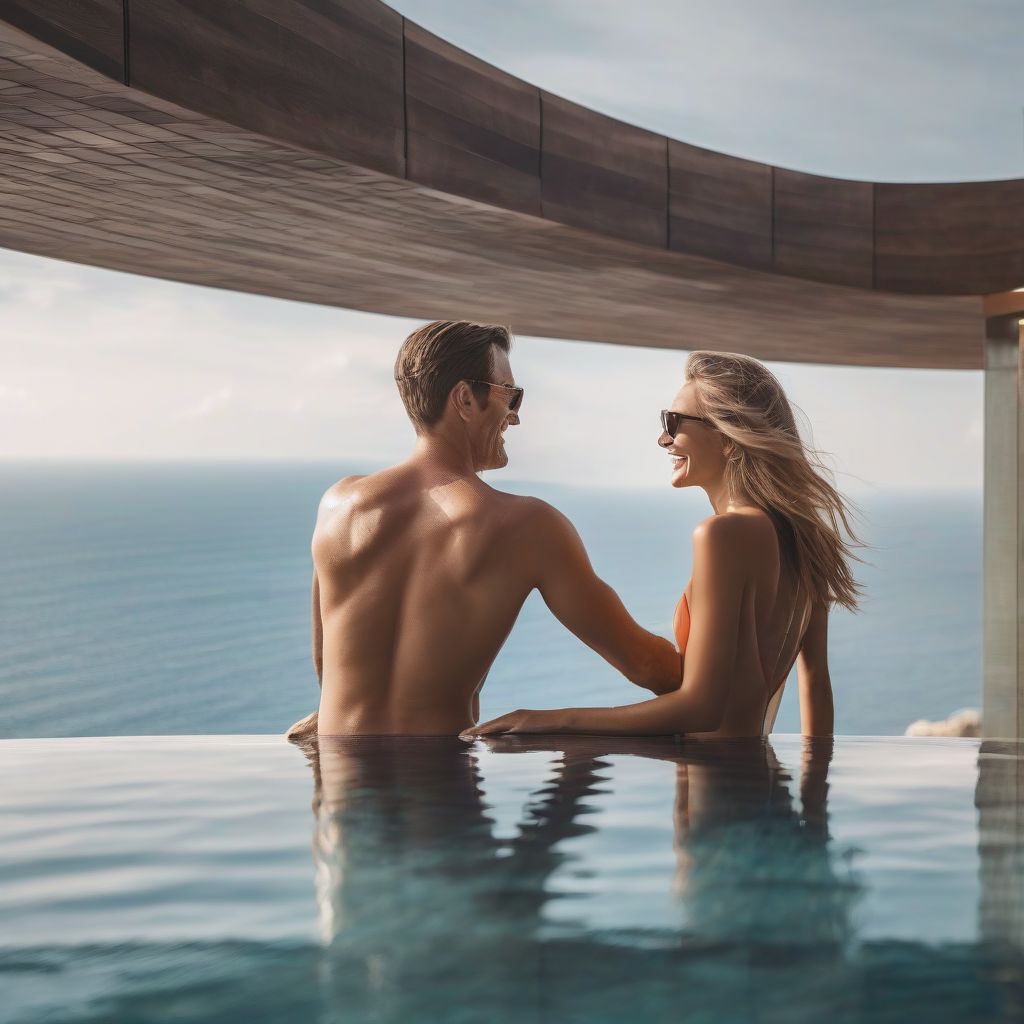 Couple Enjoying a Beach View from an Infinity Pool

---

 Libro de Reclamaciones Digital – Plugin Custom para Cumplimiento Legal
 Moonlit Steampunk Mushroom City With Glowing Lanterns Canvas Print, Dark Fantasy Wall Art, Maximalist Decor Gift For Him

▶ [WHAT IS BEING ASKED] From the data above, output exactly the lines between the one containing "Libro de Reclamaciones" and the one containing "Moonlit Steampunk Mushroom", counting both of them.

▶ [RESPONSE FOR THIS EXERCISE]
 Libro de Reclamaciones Digital – Plugin Custom para Cumplimiento Legal
 Moonlit Steampunk Mushroom City With Glowing Lanterns Canvas Print, Dark Fantasy Wall Art, Maximalist Decor Gift For Him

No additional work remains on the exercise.